The debate over immigration reform, intensified by the surge of unaccompanied child migrants at the U.S.–Mexico border, has many conservatives worried. Republican strategist Lanhee Chen explained that conservative opposition to immigration reform in the United States “is a very visceral reaction to what America should be about.” According to conservative opponents of immigration reform, immigrants will change America.
Reforming our immigration system to allow more immigration would indeed mark a significant change. But far from representing a liberal diversion from American principles, such reform would marginally change America back to the way it used to be.
It’s important to understand how America’s immigration laws have changed over time. The first naturalization law, passed in 1790, did not put any restrictions on immigration. It wasn’t until 1882 that Congress, in its first major legislative restriction, passed a blanket ban on Chinese immigrants. Over the next 40 years, Congress passed laws banning immigration of the Japanese and illiterates, and it imposed low quotas on immigration from European countries whose members were supposedly “unassimilable” — all at the insistence of nationalists, labor unions, progressives, and eugenicists.
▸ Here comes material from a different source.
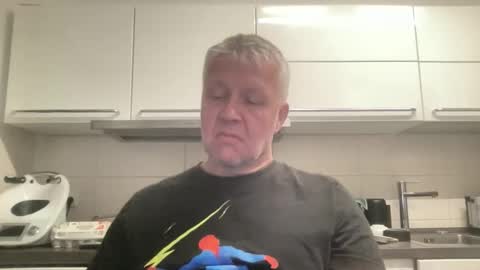 Snapshot of devon_nite chatting on September 21, 2025, 9:49 pm Devon online show from September 21, 2025, 9:49 pm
“The U.S. should deregulate worker migration and allow more legal immigration.”
Few people would argue for a return to the completely free immigration system set up by the Founders, or for the kind of restrictions that existed in the late 19th and early 20th centuries. Sensible approaches to immigration, however, are to be found in our not-so-distant past.
During the 1950s, the Bracero guest-worker visa program channeled migrants into a legal and regulated market, shrinking the illegal-immigrant population by 90 percent. The Border Patrol handed visas to migrant workers when they entered and sometimes even gave illegal immigrants work visas after they were discovered working on American farms. Instead of building fences or putting troops on the border, the Bracero program welcomed migrants willing to work in the legal migration system of the time. Such a system does not exist today.
Some small reforms and a few tweaks to our current system — such as allowing migrant workers to easily switch jobs, removing quotas, removing or streamlining minimum-wage regulations that apply to migrants, and allowing more sectors of the economy to hire migrant workers — could recreate a workable migration system like the one we had in the heyday of the Eisenhower administration.
Conservatism is not an ideology that opposes all change. It is a reformist ideology that supports measured and practical changes based on our experiences, history, and institutions. It opposes social experiments that radically depart from the past but seeks to adjust our laws to better fit the realities of today, with a firm grounding in our institutions and traditions. Such a pragmatic and measured approach should lead conservatives to support immigration reform — at least in the direction of allowing more lawful immigration and guest-worker visas.
The immigration restrictions of the late 19th and early 20th centuries were a vast social-engineering experiment that departed from America’s traditional open immigration policy. In contrast, allowing immigration to mostly be guided by the market would be a rejection of the social-engineering impulse that arose out of the Progressive era.
Those restrictions caused the percentage of the country that was foreign-born to fall from around 14 percent in 1920 to 4.4 percent in 1965. Falling immigration levels over that period allowed for mass unionization, and, as historian Vernon M. Briggs Jr. argues, thereby enabled the New Deal and Great Society programs to be enacted.
Furthermore, opponents of immigration reform should consider that from 1860 to 1920 about 14 percent of America’s population was foreign-born — compared with 13 percent today. American institutions and traditions aided in the assimilation of immigrants and their descendants in the past. The fast rate of cultural, linguistic, and economic assimilation among today’s immigrants found by Duke University’s Jacob Vigdor indicates that those American institutions and traditions of assimilation are thriving — even for the 11 to 12 million illegal immigrants here.
Conservatives who oppose deregulating the immigration system have some allies on the other side of the political spectrum. While America’s labor unions support legalizing the unlawful immigrants already here, they have supported even more restrictions on future migration of workers. Unions can bargain only by limiting the supply of workers available to employers, which is the root of their longstanding opposition to looser immigration policies.
American history and the opposition to worker migration from the Left indicate that the conservative approach to reforming immigration should be to deregulate worker migration to allow more workers to come legally.
Such an approach has two benefits. The first is that it drives a wedge between Democratic politicians, who want to liberalize future immigration, and their labor-union supporters, who want to further restrict immigration. The second is that it embraces the most important aspect of America’s traditional immigration system: the principle that this country is willing to accept immigrants who will work.
Increasing immigration levels would be a return to the status quo that reigned for most of our nation’s existence. Rather than opposing this return to normality, conservatives should embrace it and push for deregulation that allows foreign workers to legally migrate here.